My advice: think big, be focused and don’t squander precious resources in areas unlikely to pay off. Don’t fund a hodgepodge of faculty interests. Don’t try to influence educational policy (leave that to Gates, Lumina and the Aspen Institute). Don’t offer fellowships or sabbaticals. Don’t fund local innovators. Don’t waste money on in-person convenings or training sessions.

Above all, don’t reinvent the wheel. Let other initiatives study the science of learning or develop ed tech or conduct learning research.

And don’t invest in new technologies or platforms to support online learning when we know that they key to successful online instruction has more to do with instructional design than AR/VR, artificial intelligence or other cutting-edge educational technologies.

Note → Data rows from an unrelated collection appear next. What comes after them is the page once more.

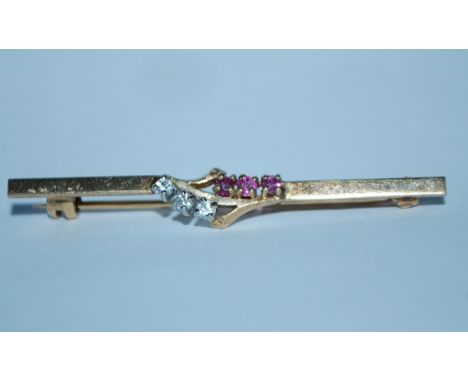 A hallmarked 9ct gold bar brooch set with white and ruby stones having a roller clasp. Hallmarked London brooch and 375 crown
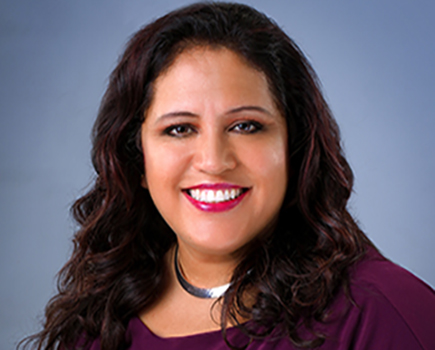 Close up of headshot of Edith Fernandez, Vice President of College and Community Engagement.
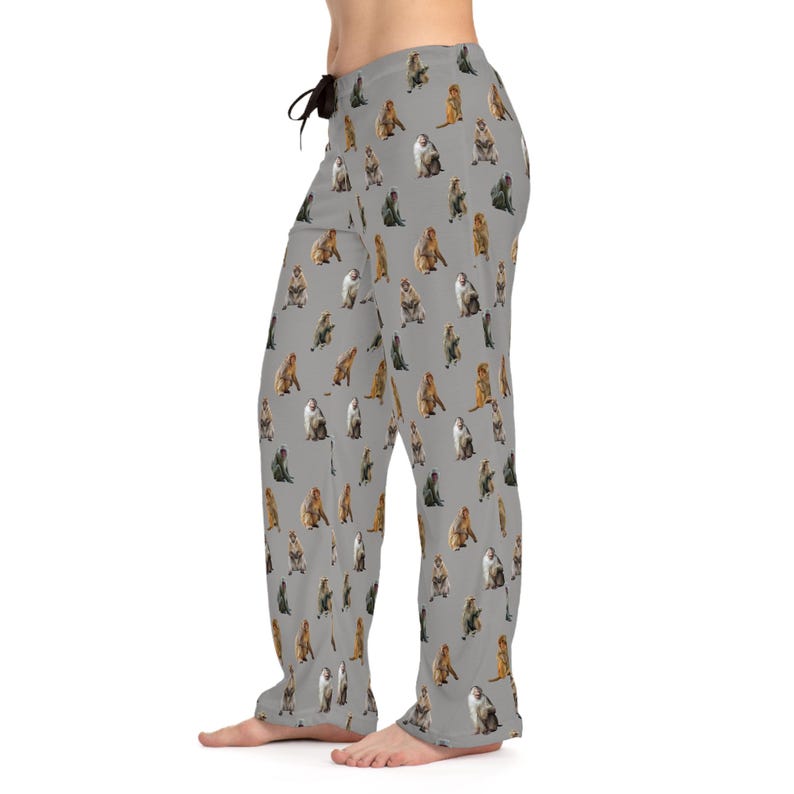 May include: Gray pajama pants featuring a repeating pattern of various monkey illustrations in shades of brown, gray, and white. The pants have a drawstring waist and a relaxed fit, suitable for lounging.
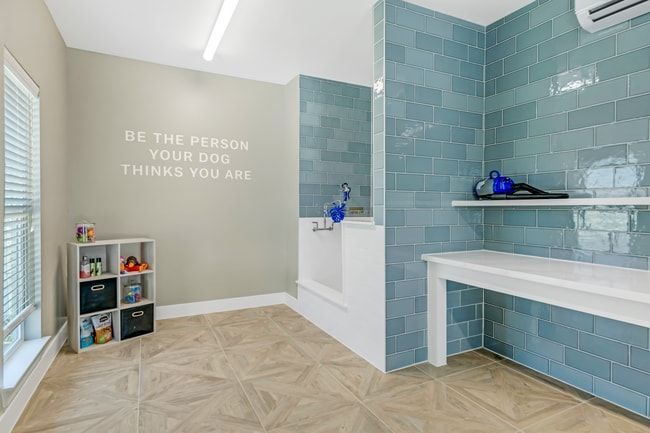A clubhouse with chairs , a table , and a large window at Atlas Bluewood in Celina, TX.
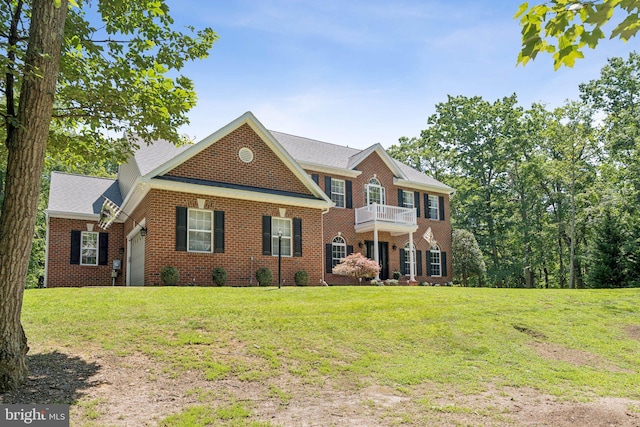 1340 Mountain View Rd, Stafford, VA 22554 - colonial inspired home with brick siding, a front lawn, a balcony, an attached garage, and a shingled roof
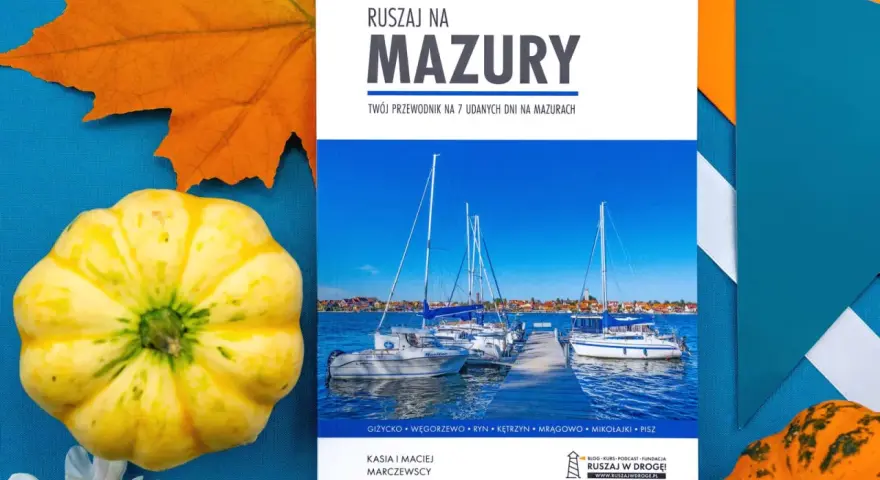 Przewodnik "Ruszaj na Mazury" z widokiem na żaglówki i miasteczko. Idealny na podróż po krainie tysiąca jezior.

Step 3: Do something major.

If the new nonprofit is to make a genuine difference, its founders must identify realistic problems that such an entity could solve and then focus laser-like on those problems.

Here are some possibilities:

  • Create summer academic experiences for students from underrepresented groups at hundreds of colleges and universities. These experiences should involve mentored research, intensive seminars and other high-impact practices.
  • Fund development of high-quality interactive courseware for use in the 25 most popular foundational classes that receive over a third of undergraduate enrollment. And make the courseware’s assets -- tools, readings, activities and assessments -- available for free and allow instructors to use and alter these assets however they wish.
  • Work with high schools to create truly effective early-college experiences with an emphasis on closing equity gaps.
  • Address one of the biggest barriers to student success in this country: the difficulties that community college students face in trying to transfer -- misaligned curricula, uneven preparation, mind-set issues and poor advising.

In a different forum, I’ve offered my personal reflections on edX and my disappointment that the MOOC provider wasn’t able to achieve its initial goals: to find sustainable ways to make learning of the highest quality widely available at low or no cost.

What’s past is past. Now is the time to look forward by reaffirming edX’s founding vision: to create a cross-institutional collaborative that will address higher ed’s biggest challenges: access, affordability, equity and attainment.

Steven Mintz is professor of history at the University of Texas at Austin.